Creating Lambdas to inspect their execution environment
Creation of three Lambdas sharing the same code
The code generated by this example is available here.
Lets create a new Myrmex project.
myrmex new lambda-profiling @myrmex/iam @myrmex/lambda
cd lambda-profiling
We create a simple execution role for our Lambdas.
myrmex create-role LambdaInspection --model LambdaBasicExecutionRole
We create a node module called inspection
. It will inspect its own execution environment.
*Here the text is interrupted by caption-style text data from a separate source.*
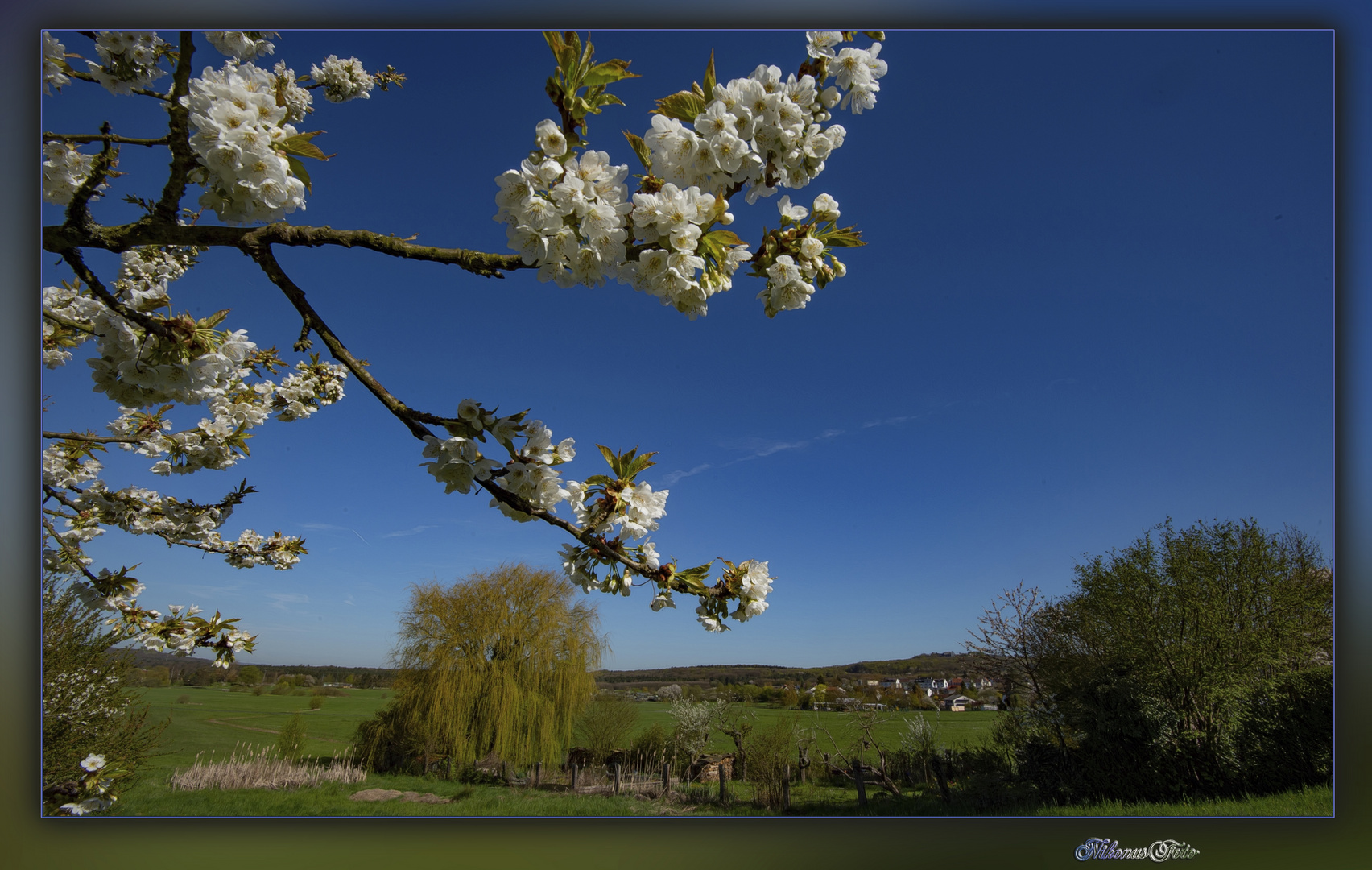 Kirschblüte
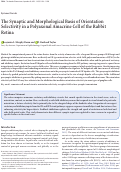 Cover page: The Synaptic and Morphological Basis of Orientation Selectivity in a Polyaxonal Amacrine Cell of the Rabbit Retina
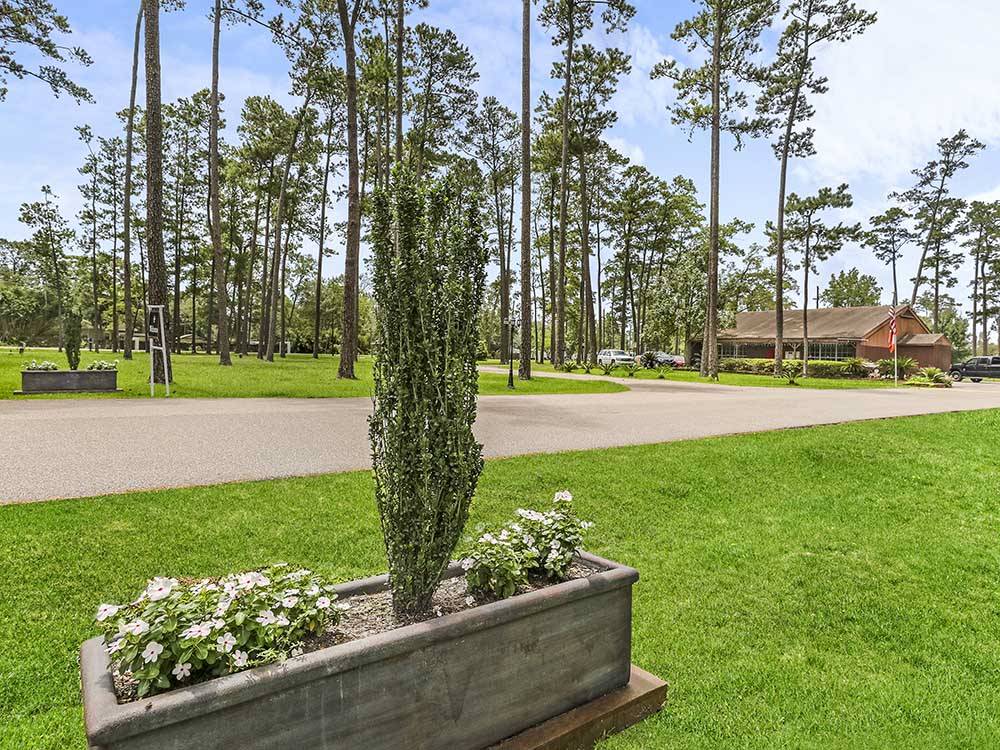 One of the roads leading thru the RV sites at PINE CREST RV PARK OF NEW ORLEANS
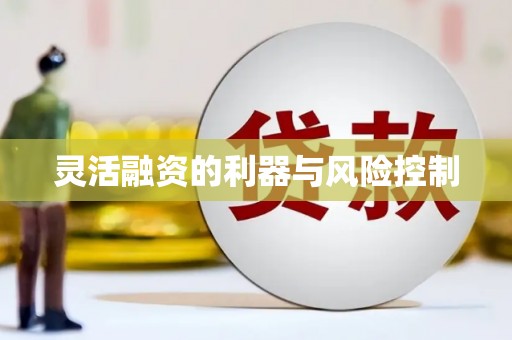 梓潼灵活融资的利器与风险控制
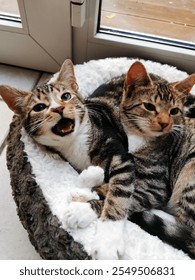 Two cats lying in a cat bed meowing - Zwei Katzen liegen in einem Bett und maunzen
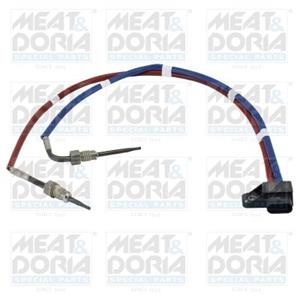 Renault Sensor, uitlaatgastemperatuur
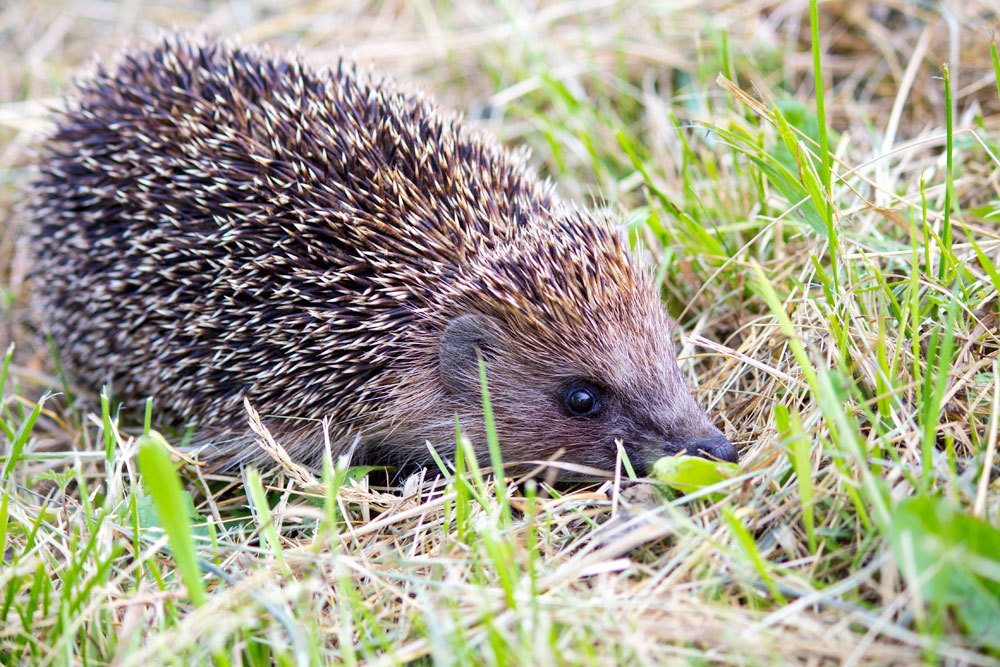 Igel im Garten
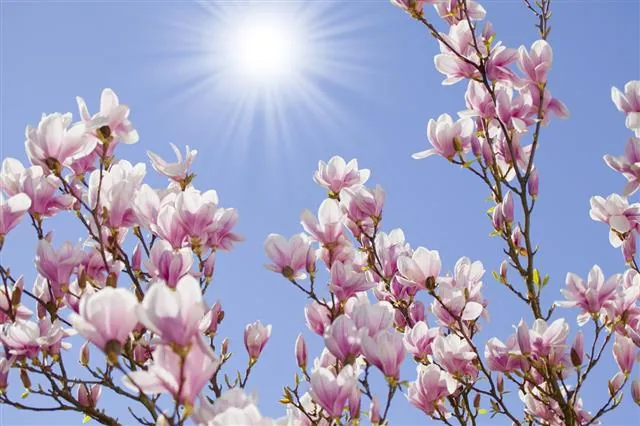 Pink magnolia blossoms bloom on branches against a bright blue sky with the sun shining.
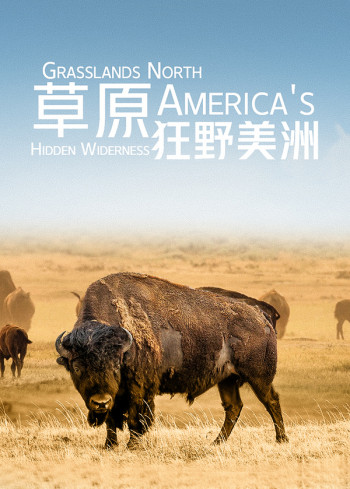 草原：狂野美洲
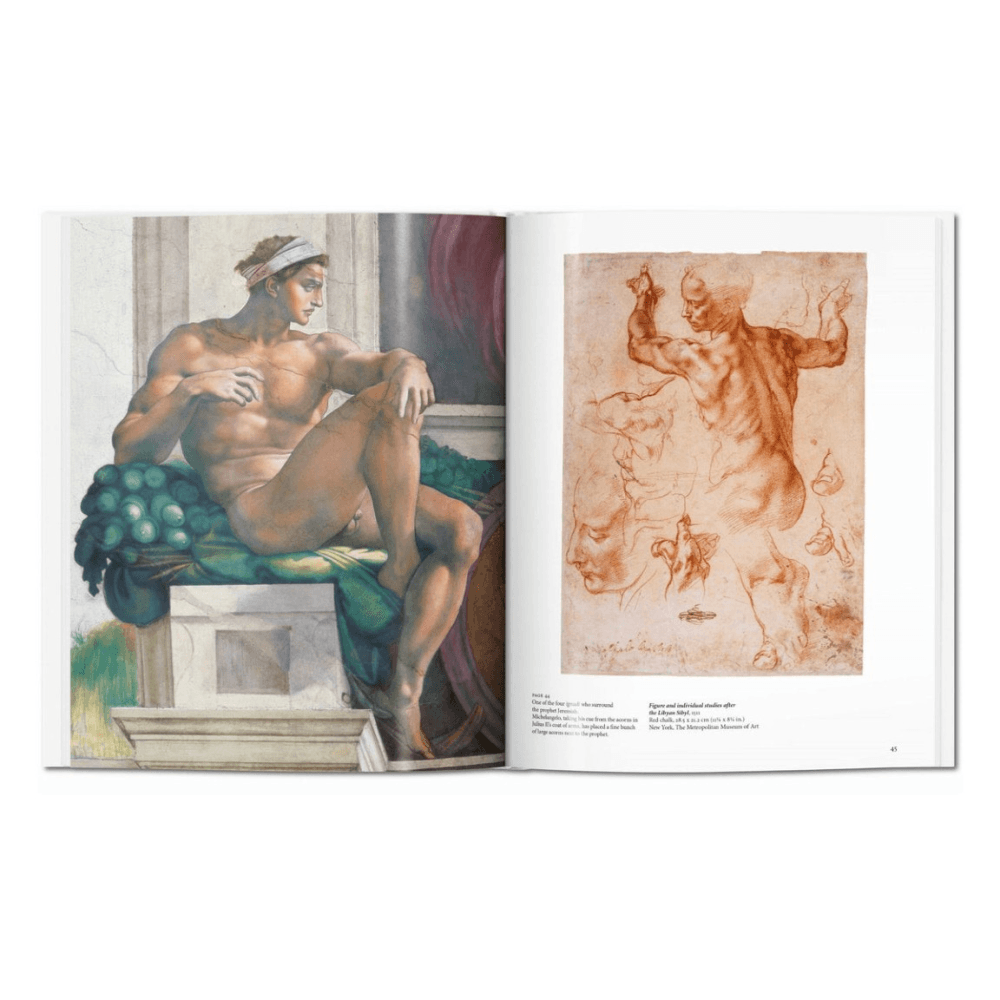 Michelangelo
myrmex create-node-module inspection
The inspection
module is created in lambda-profiling/lambda/modules/inspection
and only contain a package.json
file for now.
Lets create an index.js
file that exposes data from the os
native module and the process
global object in our module.
// lambda-profiling/lambda/modules/inspection/index.js
'use strict';
const os = require('os');
module.exports = () => {
return {
host: {
name: os.hostname(),
architecture: process.arch,
memory: os.totalmem(),
cpus: os.cpus()
},
os: {
platform: process.platform,
release: os.release(),
uptime: os.uptime()
},
user: {
uid: process.getuid(),
gid: process.getgid(),
groups: process.getgroups
},
process: {
command: process.argv,
execArgs: process.execArgv,
pid: process.pid,
uptime: process.uptime(),
memoryUsage: process.memoryUsage()
},
exec: {
env: process.env,
currentDirectory: process.cwd(),
// mainModule: process.mainModule,
config: process.config
}
};
};
Now we create three Lambdas that will use the inspection
module as a dependency. Their are configured with different memory values: 128MB, 512MB and 1536MB.
myrmex create-lambda config-128 --runtime nodejs6.10 --timeout 30 --memory 128 --dependencies inspection --role LambdaInspection
myrmex create-lambda config-512 --runtime nodejs6.10 --timeout 30 --memory 512 --dependencies inspection --role LambdaInspection
myrmex create-lambda config-1536 --runtime nodejs6.10 --timeout 30 --memory 1536 --dependencies inspection --role LambdaInspection
We alter the handler of the three Lambdas to call the inspection
module, log its output (it will be visible in cloudwatch) and return it.
// lambda-profiling/lambda/lambdas/config-128/index.js
// lambda-profiling/lambda/lambdas/config-512/index.js
// lambda-profiling/lambda/lambdas/config-1536/index.js
'use strict';
const inspection = require('inspection');
module.exports.handler = function(event, context, cb) {
const inspect = inspection();
console.log(JSON.stringify(inspect));
cb(null, inspect);
};
We can execute the lambdas locally to test them.
# Install dependencies of the Lambdas
myrmex install-lambdas-locally config-128 config-512 config-1536
# Execute Lambdas locally
myrmex test-lambda-locally config-128
myrmex test-lambda-locally config-512
myrmex test-lambda-locally config-1536
Testing the Lambdas in AWS
Lets deploy in AWS!
myrmex deploy-lambdas config-128 config-1536 config-512 --region us-east-1 --environment DEV --alias v0
Now we can execute the Lambdas in AWS using Myrmex, but you can also use the AWS console if you prefer.
myrmex test-lambda config-128 --region us-east-1 --environment DEV --alias v0
myrmex test-lambda config-512 --region us-east-1 --environment DEV --alias v0
myrmex test-lambda config-1536 --region us-east-1 --environment DEV --alias v0
Check the result of the functions to have insights about the execution environment of Lambdas. Observe the variations when calling several times the same function.
TODO: explain results and add a module to profile the use of require() with/without warm up of a Lambda.